> Brief descriptive captions:
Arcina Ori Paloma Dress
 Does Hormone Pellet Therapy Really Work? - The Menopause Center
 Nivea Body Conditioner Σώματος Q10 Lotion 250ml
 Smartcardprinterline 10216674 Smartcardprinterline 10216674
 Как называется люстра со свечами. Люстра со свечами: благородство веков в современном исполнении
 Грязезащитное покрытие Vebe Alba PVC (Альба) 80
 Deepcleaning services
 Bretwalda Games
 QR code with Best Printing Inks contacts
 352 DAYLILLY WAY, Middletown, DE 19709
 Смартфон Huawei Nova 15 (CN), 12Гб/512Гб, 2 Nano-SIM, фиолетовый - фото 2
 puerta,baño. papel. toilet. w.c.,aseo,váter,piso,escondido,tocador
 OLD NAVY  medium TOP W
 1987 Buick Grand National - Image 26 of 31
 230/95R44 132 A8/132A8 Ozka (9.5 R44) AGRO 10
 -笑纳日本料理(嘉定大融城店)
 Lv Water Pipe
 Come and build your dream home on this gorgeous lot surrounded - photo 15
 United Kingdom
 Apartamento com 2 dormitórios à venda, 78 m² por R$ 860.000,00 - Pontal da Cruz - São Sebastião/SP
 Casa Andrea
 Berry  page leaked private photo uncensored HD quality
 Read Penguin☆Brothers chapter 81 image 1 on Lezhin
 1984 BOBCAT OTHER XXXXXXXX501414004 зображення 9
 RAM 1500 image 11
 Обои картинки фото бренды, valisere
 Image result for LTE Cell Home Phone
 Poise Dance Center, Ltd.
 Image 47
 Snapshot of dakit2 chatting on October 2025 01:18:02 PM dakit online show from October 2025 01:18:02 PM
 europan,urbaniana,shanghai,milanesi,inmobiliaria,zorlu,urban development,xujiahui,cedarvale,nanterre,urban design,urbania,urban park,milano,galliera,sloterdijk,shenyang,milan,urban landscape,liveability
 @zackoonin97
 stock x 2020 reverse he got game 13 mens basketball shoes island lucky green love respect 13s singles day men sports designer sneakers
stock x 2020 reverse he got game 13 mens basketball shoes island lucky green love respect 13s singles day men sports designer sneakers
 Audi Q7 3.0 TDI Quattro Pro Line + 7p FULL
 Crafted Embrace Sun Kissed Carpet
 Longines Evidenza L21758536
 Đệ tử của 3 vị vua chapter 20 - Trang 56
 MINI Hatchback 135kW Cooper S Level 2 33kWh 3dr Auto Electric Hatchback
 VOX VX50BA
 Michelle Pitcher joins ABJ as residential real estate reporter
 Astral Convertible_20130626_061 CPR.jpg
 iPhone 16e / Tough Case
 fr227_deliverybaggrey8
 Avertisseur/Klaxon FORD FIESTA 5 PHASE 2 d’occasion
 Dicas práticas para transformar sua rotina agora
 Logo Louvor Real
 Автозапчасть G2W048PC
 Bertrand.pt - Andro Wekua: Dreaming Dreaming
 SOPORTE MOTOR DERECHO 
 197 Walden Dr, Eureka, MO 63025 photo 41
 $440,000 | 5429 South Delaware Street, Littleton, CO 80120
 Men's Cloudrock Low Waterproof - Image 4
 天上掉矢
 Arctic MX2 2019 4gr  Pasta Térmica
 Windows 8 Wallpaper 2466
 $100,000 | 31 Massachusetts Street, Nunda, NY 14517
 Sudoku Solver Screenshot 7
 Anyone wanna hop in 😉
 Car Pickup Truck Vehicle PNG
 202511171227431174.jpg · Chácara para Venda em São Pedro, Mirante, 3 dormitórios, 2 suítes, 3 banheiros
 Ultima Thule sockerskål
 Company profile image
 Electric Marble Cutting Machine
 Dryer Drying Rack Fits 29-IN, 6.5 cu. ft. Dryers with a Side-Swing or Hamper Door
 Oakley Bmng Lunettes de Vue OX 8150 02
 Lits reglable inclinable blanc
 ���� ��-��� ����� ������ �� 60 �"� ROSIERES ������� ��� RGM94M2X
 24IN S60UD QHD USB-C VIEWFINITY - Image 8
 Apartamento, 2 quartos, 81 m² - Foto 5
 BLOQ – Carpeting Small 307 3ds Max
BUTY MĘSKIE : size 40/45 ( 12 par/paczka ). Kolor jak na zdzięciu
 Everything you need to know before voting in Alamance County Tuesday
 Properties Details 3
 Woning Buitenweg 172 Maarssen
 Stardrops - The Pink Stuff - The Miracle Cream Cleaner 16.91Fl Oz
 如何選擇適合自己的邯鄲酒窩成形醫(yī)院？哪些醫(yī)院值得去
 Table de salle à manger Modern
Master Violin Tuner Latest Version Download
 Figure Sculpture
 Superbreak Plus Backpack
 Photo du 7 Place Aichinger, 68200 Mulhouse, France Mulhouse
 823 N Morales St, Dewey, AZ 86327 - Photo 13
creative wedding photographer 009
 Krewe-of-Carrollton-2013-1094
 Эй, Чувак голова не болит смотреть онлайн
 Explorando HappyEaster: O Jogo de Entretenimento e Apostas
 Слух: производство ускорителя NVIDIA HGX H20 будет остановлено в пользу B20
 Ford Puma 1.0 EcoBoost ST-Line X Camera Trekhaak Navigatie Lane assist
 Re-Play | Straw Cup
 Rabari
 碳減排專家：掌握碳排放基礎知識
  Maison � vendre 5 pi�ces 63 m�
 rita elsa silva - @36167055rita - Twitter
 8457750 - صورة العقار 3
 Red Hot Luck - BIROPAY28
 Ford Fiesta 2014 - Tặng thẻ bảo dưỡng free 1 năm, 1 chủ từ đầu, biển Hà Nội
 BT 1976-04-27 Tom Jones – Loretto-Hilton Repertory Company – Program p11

> WORK TASK: Print exactly the lines above, between the one holding "Avertisseur/Klaxon FORD FIESTA" and the one holding "Windows 8 Wallpaper 2466", inclusive, and nothing besides.

> EXPECTED ANSWER:
 Avertisseur/Klaxon FORD FIESTA 5 PHASE 2 d’occasion
 Dicas práticas para transformar sua rotina agora
 Logo Louvor Real
 Автозапчасть G2W048PC
 Bertrand.pt - Andro Wekua: Dreaming Dreaming
 SOPORTE MOTOR DERECHO 
 197 Walden Dr, Eureka, MO 63025 photo 41
 $440,000 | 5429 South Delaware Street, Littleton, CO 80120
 Men's Cloudrock Low Waterproof - Image 4
 天上掉矢
 Arctic MX2 2019 4gr  Pasta Térmica
 Windows 8 Wallpaper 2466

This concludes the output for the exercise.